Alors qu’elle bénéfice d’une dynamique positive à treize jours du premier tour, Marine Le Pen est loin d’être la candidate des classes populaires comme elle l’affirme. Bien au contraire, le programme de la candidate d’extrême droite multiplie les gages en direction du patronat et des classes dominantes.
Par Emile Causs
1er avril
Marine le Pen, en hausse dans les sondages, se la joue « social »
Si à près d’une semaine du premier tour des élections présidentielles, le président sortant Macron se tient toujours largement en pole position pour remporter la course à sa propre succession, Marine le Pen semble bénéficier depuis quelques jours d’une dynamique qui pourrait rebattre les cartes. De quoi provoquer quelques « sueurs froides » du côté de la macronie selon le JDD ce dimanche et inquiéter au sein de l’entourage d’Emmanuel Macron.
A l’instar d’Edouard Philippe qui déclarait ce jeudi 31 mars au Parisien que « Marine Le Pen peut gagner la présidentielle » ou encore de Jacques Attali, chroniqueur du très patronal Les Echos chef d’entreprise et proche de Macron, qui affiche la même inquiétude, expliquant « que peu de gens veulent reconnaître que la réélection d’Emmanuel Macron est loin d’être acquise, et que celle de Marine Le Pen est parfaitement possible ».

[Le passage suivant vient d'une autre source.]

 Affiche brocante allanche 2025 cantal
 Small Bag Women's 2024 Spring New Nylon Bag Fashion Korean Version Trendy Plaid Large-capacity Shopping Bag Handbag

Ce vendredi, la candidate du Rassemblement National s’enthousiasmait à l’occasion d’un déplacement en Alsace, déclarant « sentir un espoir » se « lever » en sa faveur, avant d’ajouter qu’il « est parfaitement possible de battre Emmanuel Macron ». Cela se traduit dans les sondages, où la candidate d’extrême droite réduit l’écart avec le président sortant tant au premier qu’au second tour.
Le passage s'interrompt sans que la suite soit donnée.